I like this company and wished I got in when it traded down to $11. I was waiting for a pull back that never materialized. See prior write-up. I will need to do more work before I jump in here after the fact but will see what I uncover.
From Citigroup Mark Mahaney:
• Beat Beat & In-Lineish Dec. Qtr. - Q2 FY09 results were way above estimates - Revenue of $139MM and Non-GAAP EPS of $0.53 vs. CIR/Street estimates of $128MM and $0.39, respectively. VPRT left H2 FY09 guidance mostly unchanged, although March Qtr guidance is a nudge above the Street. We believe this was appropriate conservatism.
• Fundamental Inflection Point In Gross Margin - Revenue growth decelerated to 32% Y/Y vs. 44% in Sept. Qtr, but International & Consumer & Holiday Products segments (calendars/greeting cards/etc...) generated big upside. KEY POINT - GM increased 140 bps Y/Y to reach a 6-quarter high of 63.6%. Sustainable drivers were: scale, mix shift to Consumer & Holiday products, and workflow improvements. These offset the decline of high-margin Referral Fees.
• Increasing Estimates & PT - FY09 Non-GAAP EPS from $1.44 to $1.58. PT from $19.50 to $28 - 9X C2010E EBITDA of $158MM.

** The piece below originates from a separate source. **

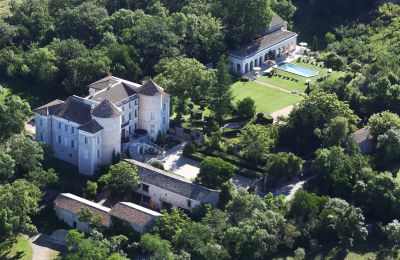 Zámok na predaj Barjac, Occitanie, Fotografia Drona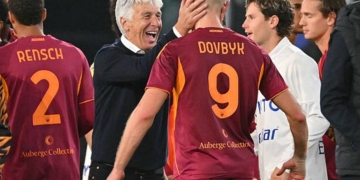 Gasperini e Dovbyk Fine partita Roma-Parma 29102025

• Upgrading To Buy Even With 25% After-Market Surge - VPRT closed at $16.22, and the stock traded just over $20 in the aftermarket. Fully respectful of those who called this stock lower, we are upgrading now because: 1) We believe VPRT has achieved Gross Margin stabilization (or better), and this was the key upgrade factor laid out in our 12/21 Initiation report; 2) @ $20, VPRT still only trades at 6X C2009E EBITDA, despite a 20%+ C09 growth outlook that we believe deserves a premium; 3) @ $20 VPRT is still 27% off a level where the company was buying back stock in September; & 4) We believe the market will pay a premium for unusual growth (20%+) in this severe recession.